Eu não era apenas a filha caçula de um fazendeiro. Eu era a filha de um agente temido demais agora aposentado, mas que ainda tinha inimigos demais.

Naquele cativeiro, aprendi muitas coisas, e uma delas é que nem sempre a frase: "Ninguém se cura machucando o outro." É a melhor escolha. Às vezes será necessário fazer uso de outra. "O mal que me fizeram sorrindo, irão colher chorando."

Anos depois, agora com vinte dois anos eu me considerava uma dessas pessoas que por um tempo teve os neurônios de bloqueios ativados, tinha alguns sintomas pós-traumáticos ainda, mas, nada que me impedisse de conviver em sociedade como foi nos dois anos que se passaram após o meu sequestro onde ninguém além da minha família sabia da verdade, nem minha melhor amiga, Nina que era a única além dos meus familiares que tinha o poder de me acalmar durante uma crise. Para ela, eu tinha sido raptada por um funcionário mau caráter que exigiu muito dinheiro do meu pai.

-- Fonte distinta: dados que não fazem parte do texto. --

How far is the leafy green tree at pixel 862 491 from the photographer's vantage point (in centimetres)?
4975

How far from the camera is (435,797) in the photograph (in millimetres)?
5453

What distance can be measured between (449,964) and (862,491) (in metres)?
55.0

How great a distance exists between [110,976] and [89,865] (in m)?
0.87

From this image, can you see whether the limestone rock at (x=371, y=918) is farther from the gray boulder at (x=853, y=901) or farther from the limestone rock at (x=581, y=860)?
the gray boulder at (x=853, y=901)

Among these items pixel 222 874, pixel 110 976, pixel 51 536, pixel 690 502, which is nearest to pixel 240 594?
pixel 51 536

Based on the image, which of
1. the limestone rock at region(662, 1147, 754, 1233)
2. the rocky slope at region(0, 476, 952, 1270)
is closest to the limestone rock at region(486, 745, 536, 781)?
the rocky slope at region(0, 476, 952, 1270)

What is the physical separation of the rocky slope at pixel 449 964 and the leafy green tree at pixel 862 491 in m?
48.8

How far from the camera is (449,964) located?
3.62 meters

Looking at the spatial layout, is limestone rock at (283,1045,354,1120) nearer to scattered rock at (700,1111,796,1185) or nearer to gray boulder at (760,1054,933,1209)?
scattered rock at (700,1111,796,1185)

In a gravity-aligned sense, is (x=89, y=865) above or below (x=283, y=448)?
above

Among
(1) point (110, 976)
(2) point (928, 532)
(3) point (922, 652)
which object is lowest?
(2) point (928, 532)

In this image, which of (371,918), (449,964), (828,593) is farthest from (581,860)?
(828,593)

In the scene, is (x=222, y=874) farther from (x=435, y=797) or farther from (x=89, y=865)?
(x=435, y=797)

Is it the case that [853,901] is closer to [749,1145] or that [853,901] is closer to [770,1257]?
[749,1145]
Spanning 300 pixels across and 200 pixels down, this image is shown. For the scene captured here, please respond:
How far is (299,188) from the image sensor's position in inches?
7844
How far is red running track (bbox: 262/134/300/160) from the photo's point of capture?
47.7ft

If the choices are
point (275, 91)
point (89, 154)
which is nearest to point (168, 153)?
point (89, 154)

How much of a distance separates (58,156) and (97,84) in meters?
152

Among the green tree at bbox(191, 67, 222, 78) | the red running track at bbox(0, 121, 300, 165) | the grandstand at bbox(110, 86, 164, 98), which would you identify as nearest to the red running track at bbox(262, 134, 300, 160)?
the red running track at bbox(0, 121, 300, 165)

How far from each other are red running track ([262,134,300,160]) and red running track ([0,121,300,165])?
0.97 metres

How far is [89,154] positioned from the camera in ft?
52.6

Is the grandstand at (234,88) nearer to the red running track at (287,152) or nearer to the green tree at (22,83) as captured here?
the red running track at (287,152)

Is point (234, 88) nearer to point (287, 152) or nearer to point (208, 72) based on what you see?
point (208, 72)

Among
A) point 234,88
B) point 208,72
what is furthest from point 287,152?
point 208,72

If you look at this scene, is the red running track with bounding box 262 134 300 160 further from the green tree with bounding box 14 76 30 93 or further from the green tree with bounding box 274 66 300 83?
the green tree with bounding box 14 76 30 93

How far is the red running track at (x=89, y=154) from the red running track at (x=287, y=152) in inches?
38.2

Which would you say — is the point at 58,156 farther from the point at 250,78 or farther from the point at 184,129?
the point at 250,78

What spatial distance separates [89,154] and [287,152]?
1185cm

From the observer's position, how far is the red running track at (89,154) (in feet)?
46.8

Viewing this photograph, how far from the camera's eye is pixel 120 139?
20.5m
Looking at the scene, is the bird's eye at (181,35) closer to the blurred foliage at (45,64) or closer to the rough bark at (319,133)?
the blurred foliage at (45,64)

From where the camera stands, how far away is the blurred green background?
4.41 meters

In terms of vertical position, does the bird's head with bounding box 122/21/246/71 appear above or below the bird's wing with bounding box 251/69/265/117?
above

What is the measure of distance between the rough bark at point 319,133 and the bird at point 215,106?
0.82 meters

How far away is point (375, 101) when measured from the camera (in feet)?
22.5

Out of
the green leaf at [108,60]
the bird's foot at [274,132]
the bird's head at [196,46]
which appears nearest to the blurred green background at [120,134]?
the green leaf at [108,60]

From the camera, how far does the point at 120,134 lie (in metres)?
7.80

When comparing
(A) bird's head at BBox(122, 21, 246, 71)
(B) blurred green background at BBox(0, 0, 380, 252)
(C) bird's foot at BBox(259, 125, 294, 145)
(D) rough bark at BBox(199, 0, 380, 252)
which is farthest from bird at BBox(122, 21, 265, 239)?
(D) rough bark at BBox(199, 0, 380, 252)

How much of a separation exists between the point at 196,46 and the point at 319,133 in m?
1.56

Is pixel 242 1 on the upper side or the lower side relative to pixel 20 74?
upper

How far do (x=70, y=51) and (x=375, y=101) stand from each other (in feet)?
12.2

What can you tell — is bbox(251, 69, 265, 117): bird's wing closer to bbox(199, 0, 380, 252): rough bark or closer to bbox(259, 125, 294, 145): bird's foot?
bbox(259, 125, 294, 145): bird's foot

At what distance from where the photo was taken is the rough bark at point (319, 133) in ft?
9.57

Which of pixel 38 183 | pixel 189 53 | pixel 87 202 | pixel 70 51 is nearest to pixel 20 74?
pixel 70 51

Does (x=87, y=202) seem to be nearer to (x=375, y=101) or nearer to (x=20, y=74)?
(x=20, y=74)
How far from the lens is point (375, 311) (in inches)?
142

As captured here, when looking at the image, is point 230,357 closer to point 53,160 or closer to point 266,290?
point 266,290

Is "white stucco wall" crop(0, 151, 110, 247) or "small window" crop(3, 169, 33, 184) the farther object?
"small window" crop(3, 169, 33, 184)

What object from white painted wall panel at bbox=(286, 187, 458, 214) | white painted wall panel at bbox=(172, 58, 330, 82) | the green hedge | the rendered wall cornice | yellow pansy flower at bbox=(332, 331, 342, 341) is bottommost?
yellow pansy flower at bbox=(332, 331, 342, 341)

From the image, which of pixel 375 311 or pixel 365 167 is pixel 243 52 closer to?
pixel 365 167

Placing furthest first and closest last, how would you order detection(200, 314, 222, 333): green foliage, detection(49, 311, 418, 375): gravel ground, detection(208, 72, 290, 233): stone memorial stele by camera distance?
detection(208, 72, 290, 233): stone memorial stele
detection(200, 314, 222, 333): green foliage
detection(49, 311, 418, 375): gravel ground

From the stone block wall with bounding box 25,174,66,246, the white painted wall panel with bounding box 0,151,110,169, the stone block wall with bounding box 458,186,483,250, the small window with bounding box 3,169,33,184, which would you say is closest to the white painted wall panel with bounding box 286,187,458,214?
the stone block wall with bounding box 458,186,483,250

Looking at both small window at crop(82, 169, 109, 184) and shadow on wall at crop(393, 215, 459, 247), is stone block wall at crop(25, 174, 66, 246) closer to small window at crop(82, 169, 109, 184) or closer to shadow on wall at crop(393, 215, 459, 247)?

Talvez fosse aquele o motivo, que aos olhos dos de fora o jeito que eu fui protegida pelos meus pais e irmãos desde o meu sequestro era bastante exagerado. Mas, dentro de casa, cada um sabia, e cada um carregava um trauma particular sobre aquele fato.

Minha mãe nunca culpou meu pai, mas se culpou por não ter ido me buscar na escola naquela tarde. Meu pai não sofreu acusação da minha mãe pelo seu passado ter nos levado aquela situação, mas se culpou por ter confiado que estávamos seguros. Meus irmãos não poderiam ter evitado nada naquela tarde, mas cada um guardava dentro de si, a ideia de que poderiam sim. E tinha eu, que nunca culpou ninguém da minha família. Culpei pessoas, mas as certas. As que estava comigo naquele lugar.